With school buildings closed, creating accountability through transparency might seem daunting. But even though principals can’t visit classrooms, schools and districts can do quite a few things to make their actions more transparent to state education agencies, parents, and the public. In Education Next, Chester Finn has suggested a few examples, such as reporting the number of students who complete their remote assignments and the number of students with disabilities whose families participate in individualized education program meetings by teleconference.

Schools and districts will need to take the lead on these kinds of accountability, because state education agencies rarely have access to the relevant data. Schools and districts can use two general approaches to make themselves accountable through transparency while their physical facilities are closed:

1. Document and report exactly what they are doing to help all students continue learning from home. What resources are they providing, and how are they providing them? What are they doing to ensure access for students with disabilities, students without reliable Internet access, and students without computers? What are their expectations for their teachers? Fortunately, many districts are already doing some of this, though with widely varying depth and specificity (as the database of district plans assembled by the Center on Reinventing Public Education shows).

2. Count successful engagements with students and start reporting these numbers. Some of Finn’s examples fall into this category. State agencies and the public ought to know not just how many laptops a school district has distributed but also how many students have successfully logged into the relevant systems and how frequently they have done so—a pretty clear and direct analog to conventional attendance.

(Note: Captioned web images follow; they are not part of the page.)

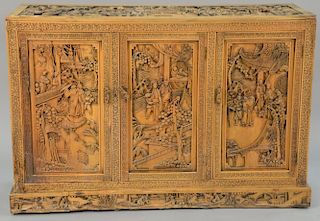 Carved Chinese three door cabinet. ht. 41in., wd. 60in., dp. 21in.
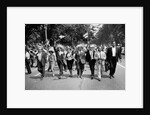 The March on Washington: Marchers Wearing Hats Carry Puerto Rican Flags Down Constitution Avenue, 29th August 1963 by Nat Herz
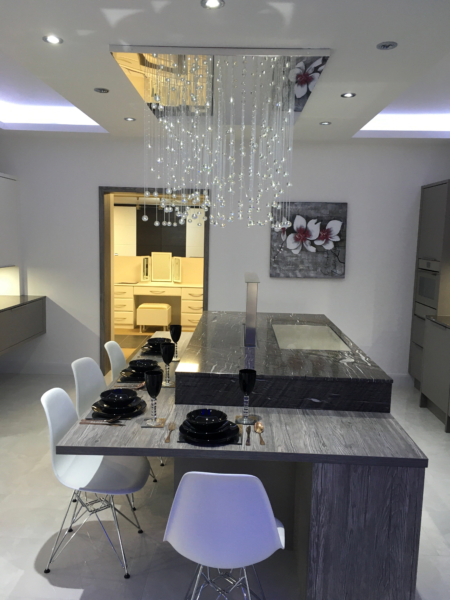 A Cavendish designed Kitchen. Bar stools at kitchen kitchen island area with dark wood surfaces and black cabinets. Island has two levels, a champagne bath and chandelier pendant lighting above.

As any educator with experience in remote instruction can tell you, keeping students engaged is perhaps the single biggest challenge. The well-documented academic failures of online schools are surely attributable to the dearth of live (or “synchronous”) interaction between teachers and students. Most students aren’t going to learn a whole lot if left to their own devices. The districts and schools most likely to succeed in remote education will be those that provide a substantial amount of synchronous instruction and live student–teacher interaction. (The absence of systematic synchronous instruction from most of the district plans found by the Center on Reinventing Public Education is worrisome; New York City’s Success Academies, in contrast, seem to be providing a promising example of online education, employing a mix of synchronous and asynchronous instruction.)

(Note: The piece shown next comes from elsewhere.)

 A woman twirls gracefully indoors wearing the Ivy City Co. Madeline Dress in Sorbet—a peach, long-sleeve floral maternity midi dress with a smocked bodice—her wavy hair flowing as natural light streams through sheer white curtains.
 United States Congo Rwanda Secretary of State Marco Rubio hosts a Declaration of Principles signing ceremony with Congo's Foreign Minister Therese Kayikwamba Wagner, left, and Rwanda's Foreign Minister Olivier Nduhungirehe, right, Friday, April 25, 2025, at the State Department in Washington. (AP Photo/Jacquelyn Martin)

In short, transparently documenting basic measures of students’ engagement with schools provides important accountability—for students as well as schools. In addition to reporting the frequency and intensity of students’ use of online educational systems and the continued functioning of individualized education program conferences, districts and schools could monitor and report other measures of engagement, such as the percentage of teachers who have conducted synchronous classes, the percentage of students who have joined those classes, and the number of students who have completed online assignments or assessments. Any district that systematically employs an online platform should be able to collect these numbers.

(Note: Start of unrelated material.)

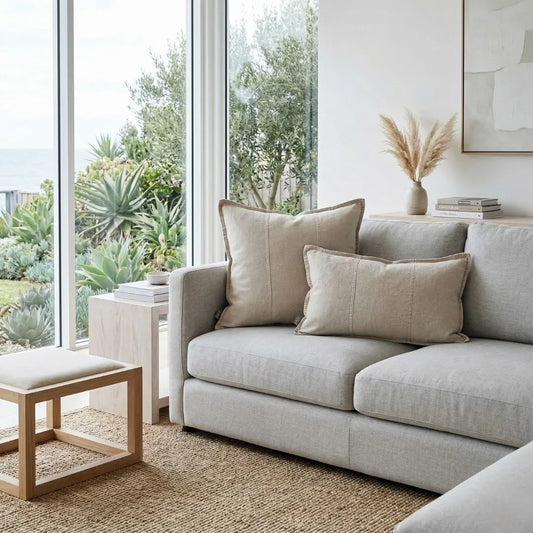 Light gray sofa with beige pillows in a modern living room with large windows and plants.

To be sure, these are not the kind of accountability measures that a state could currently collect on all its schools and districts. Nor would they be appropriate to use on their own for high-stakes decisions. But when traditional test-based accountability is no longer possible, policymakers should consider different tools to promote accountability in schools. Some of those tools are likely to remain useful as part of richer and more comprehensive accountability systems even after school buildings are reopened and testing resumes.

Brian P. Gill is a senior fellow at Mathematica and director of REL Mid- Atlantic.